In Cython this is achieved by using the `&` operator and the giving first element in the array:
```python
c_mod_sum.sum_columns(&a[0, 0], c_n_a_r, c_n_a_c, &c_sum_col[0])
```
There are many more details on working with NumPy arrays in the Cython [documentation](https://cython.readthedocs.io/en/latest/src/userguide/numpy_tutorial.html).
### Derived types
Starting from our point example, we write the `.pxd` file:
```python
# file: c_mod_point.pxd
cdef extern from "mod_point.h":
ctypedef struct Point:
double x
double y
cdef Point add_points(Point *a, Point*b)
```
which closely mirrors our C header file:
```c
// file: mod_point.h
typedef struct Point{
double x;
double y;
} Point;
Point add_points(Point *a, Point *b);
```
To work with the C point struct in Python, we construct a wrapper class and a Python function to work with this class:
```python
cimport c_mod_point
cdef class Point:
cdef c_mod_point.Point _point
def __cinit__(self, double x, double y):
self._point.x = x
self._point.y = y
@property
def x(self):
return self._point.x
@property
def y(self):
return self._point.y
def add_points(Point a, Point b):
c_point = c_mod_point.add_points(&a._point, &b._point)
point = Point(c_point.x, c_point.y)
return point
```
Cython classes are called *extension types* and are defined with the `cdef class` syntax.
We declare that this class should hold an attribute `_point` which holds the C point struct, and the `__cinit__` constructor method is used to initialize this object.
We also define two properties which allows us to access the attributes of the C struct. Finally, the `add_points` function is a Python wrapper for our C function.
As the C function returns a C struct, we need to convert that to the Python class before returning to the user.
As before, we need to build with a `setup.py`:
```python=
from setuptools import setup, Extension
from Cython.Build import cythonize
setup(
name='Test Cython',
ext_modules = cythonize([
Extension("py_mod_point", ["mod_point.pyx"],
libraries=["mod_point"],
library_dirs=["."],)
]),
zip_safe=False,
```
After building with `python setup.py build_ext --inplace`, we can now import the class and function and work with them in Python.
```python
from py_mod_point import add_points, Point
>>> p_1 = Point(1.1, 1.5)
>>> p_2 = Point(2.5, 5.3)
>>> p_3 = add_points(p_1, p_2)
>>> p_3
>>> p_3.x
3.6
>>> p_3.y
6.8
```
## Wrapping the Python C interface
It's often better to hide away the technicalities of the Python-Fortran interface behind regular Python function and classes.
This is actually what we did with Cython above.

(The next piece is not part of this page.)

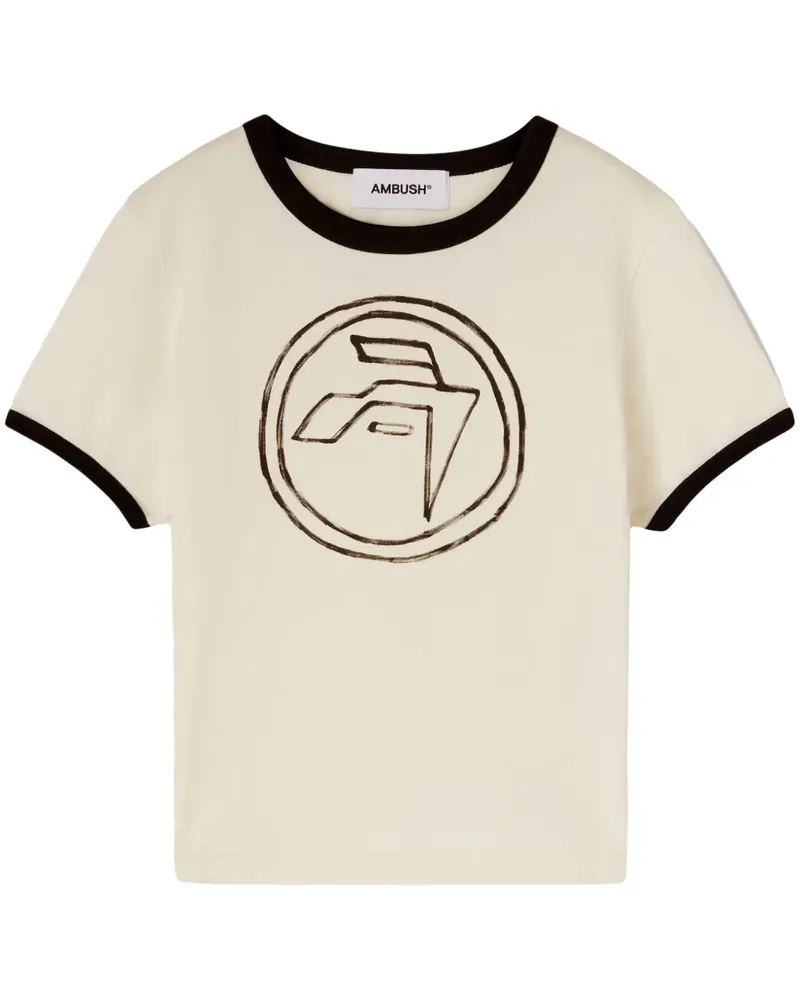 AMBUSH T-Shirt aus Bio-Baumwolle - Nude Nude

The end user then does have to worry about converting datatypes, memory management etc. Here is an example with `ctypes`:
```python
from ctypes import CDLL, byref
import numpy as np
from numpy.ctypeslib import as_ctypes
lib = CDLL("mod_sum.so")
def sum_columns(a):
a = np.ascontiguousarray(a)
sum_col = np.empty(a.shape[1], dtype=np.float64)
c_a = as_ctypes(a)
c_n_r_a = c_int(a.shape[0])
c_n_c_a = c_int(a.shape[1])
c_sum_col = as_ctypes(sum_col)
lib.sum_columns(byref(c_a), c_n_r_a, c_n_c_a, byref(c_sum_col)
return sum_col
```
This function (1) converts the input into a C contiguous NumPy array, (2) converts the Numpy array to a C array, (3) creates an empty array to hold the result of the calculation, (4) runs the subroutine to modify the result array that is then returned. The end user is completely oblivious that any Fortran code has been run behind the scenes.